Ist Musikerin (Lassie Singers, Britta) und Autorin. Sie schreibt aus dem Leben der Lo-Fi Boheme.

27. 9. 2014 - 14:20

Space is the Place

Finnland-Schwerpunkt am letzten Abend des Literaturfestival Berlin. Inklusive Jimi Tenor!

Letzten Samstag endete in Berlin das Literaturfestival, der letzte Abend war dem Gastland der diesjährigen Frankfurter Buchmesse, dem schönen Finnland gewidmet. In der Ankündigung hatte man einen Abend der "kosmischen Extravaganz" im Haus der Berliner Festspiele versprochen, und dieses Versprechen wurde sogar eingehalten.

Jimi Tenor

Christiane Rösinger

Jimi Tenor, einer der großen Stars und Erneuerer der europäischen Elektromusik, kuratierte diesen finnischen Abend. Tenor - genau so, wie man ihn von Pressefotos und Videos kennt, im blassrosa Anzug, mit langem wirren blonden Haupthaar und großer Brille - hatte sich auf der Bühne zwischen einem Arbeitstisch mit allerlei Kästchen und technischem Zubehör und einem antik-analog wirkenden Keyboard installiert.

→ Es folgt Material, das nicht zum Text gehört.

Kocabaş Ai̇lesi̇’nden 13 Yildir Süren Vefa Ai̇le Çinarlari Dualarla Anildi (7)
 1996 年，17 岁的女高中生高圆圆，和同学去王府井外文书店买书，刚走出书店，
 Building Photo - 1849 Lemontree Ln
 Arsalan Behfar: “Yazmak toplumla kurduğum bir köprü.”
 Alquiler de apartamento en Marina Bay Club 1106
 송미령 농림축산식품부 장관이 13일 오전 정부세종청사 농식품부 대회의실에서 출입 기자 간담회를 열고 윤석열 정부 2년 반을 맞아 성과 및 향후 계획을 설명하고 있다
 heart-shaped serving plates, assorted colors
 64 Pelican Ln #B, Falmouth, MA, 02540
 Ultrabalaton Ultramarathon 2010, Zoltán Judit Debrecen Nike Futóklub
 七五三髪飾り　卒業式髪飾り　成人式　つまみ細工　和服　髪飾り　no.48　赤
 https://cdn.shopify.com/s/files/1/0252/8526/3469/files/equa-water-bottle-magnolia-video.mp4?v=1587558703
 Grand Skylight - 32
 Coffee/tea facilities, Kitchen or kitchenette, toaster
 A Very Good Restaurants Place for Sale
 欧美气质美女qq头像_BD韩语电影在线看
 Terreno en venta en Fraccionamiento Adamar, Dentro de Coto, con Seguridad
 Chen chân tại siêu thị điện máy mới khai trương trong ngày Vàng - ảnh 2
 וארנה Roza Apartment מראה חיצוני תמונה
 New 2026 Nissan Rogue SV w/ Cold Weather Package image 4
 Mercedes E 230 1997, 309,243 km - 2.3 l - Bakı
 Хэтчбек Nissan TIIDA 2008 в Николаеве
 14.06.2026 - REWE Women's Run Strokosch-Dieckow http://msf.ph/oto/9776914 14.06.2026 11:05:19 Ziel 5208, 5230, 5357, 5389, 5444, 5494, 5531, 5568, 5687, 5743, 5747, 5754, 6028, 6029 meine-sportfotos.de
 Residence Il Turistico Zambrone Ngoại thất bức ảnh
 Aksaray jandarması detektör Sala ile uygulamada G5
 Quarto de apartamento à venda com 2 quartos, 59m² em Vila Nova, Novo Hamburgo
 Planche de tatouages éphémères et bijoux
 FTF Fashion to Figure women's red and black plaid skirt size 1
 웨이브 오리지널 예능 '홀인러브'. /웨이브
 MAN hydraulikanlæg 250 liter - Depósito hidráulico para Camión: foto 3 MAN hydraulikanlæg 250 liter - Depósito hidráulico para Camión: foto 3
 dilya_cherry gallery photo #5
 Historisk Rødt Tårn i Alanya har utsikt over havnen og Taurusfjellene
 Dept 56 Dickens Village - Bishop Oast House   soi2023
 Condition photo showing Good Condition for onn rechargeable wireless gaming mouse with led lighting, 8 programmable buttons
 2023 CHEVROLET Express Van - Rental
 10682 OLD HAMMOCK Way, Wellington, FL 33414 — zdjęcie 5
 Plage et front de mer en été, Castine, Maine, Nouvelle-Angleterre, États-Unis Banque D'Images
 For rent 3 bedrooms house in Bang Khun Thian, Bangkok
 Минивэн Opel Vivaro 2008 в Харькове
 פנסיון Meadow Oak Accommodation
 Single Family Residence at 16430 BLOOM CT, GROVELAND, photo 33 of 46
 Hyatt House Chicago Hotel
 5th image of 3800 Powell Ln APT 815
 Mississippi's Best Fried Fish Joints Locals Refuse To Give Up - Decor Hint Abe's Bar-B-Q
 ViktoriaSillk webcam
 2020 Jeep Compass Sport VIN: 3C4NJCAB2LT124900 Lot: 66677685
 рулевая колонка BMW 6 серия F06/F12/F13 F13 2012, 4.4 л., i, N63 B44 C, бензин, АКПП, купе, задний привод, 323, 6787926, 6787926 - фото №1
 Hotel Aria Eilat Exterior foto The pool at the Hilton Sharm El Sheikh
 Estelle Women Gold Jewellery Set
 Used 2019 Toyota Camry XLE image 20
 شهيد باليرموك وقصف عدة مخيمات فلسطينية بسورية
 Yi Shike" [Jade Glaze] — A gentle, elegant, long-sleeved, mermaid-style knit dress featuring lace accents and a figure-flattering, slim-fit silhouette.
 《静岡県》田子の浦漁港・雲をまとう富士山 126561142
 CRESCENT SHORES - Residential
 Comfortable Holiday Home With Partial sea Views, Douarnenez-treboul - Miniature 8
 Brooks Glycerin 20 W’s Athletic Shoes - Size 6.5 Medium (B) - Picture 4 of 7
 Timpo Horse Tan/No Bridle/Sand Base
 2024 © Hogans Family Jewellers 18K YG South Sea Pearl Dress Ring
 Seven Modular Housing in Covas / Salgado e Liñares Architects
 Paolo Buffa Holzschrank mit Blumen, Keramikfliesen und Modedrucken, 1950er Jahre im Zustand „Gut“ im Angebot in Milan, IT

Während der vom Programmchef Thomas Böhm gehaltenen Laudatio auf den Tonkünstler vergrub dieser sich bescheiden in seinen Gerätschaften, warf dann den Korg-Synthesizer an und ließ zum Auftakt des kosmischen Abends die in der elektronischen Musik so beliebten repetitiven Strukturen erklingen, nicht ohne auch seine silberne Querflöte hervorzuholen und zu bespielen. Dann wurden die finnischen Autoren vorgestellt und Tenors Auswahl zeigte: Finnland mag das Gastland der nächsten Frankfurter Buchmesse sein, aber Space is the Place! Die Weiten des Universums, Außerirdische, der Kosmos an sich waren Themen des Abends.

Jimi Tenor

Christiane Rösinger

So geht es in der vierbändigen psychedelischen Weltall-Oper "Kapiteeni Shiva" von Maria Candia alias Megatron Braineater im weitesten Sinn um einen "Mad Professor", der die Welt erobern will, aber die Autorin nutzt die Möglichkeiten des Genres, um philosophische Fragen aufzuwerfen und Genderbelange zu diskutieren. Bereits als Kind, erzählt sie, begann sie an dem vierbändigen Werk zu schreiben, denn als einziges dunkelhaariges Kind in einer finnischen Schule mit 899 blonden Kindern musste sie sich zwangsläufig für das Fremde interessieren. Die vorgetragene, von Tenor musikalisch untermalte Übersetzung, führte in die Welt der Dunkelgänger, Traumerzähler, Sternenwanderer und der arg kohlenstoffzentrierten Sichtweise von uns Menschen.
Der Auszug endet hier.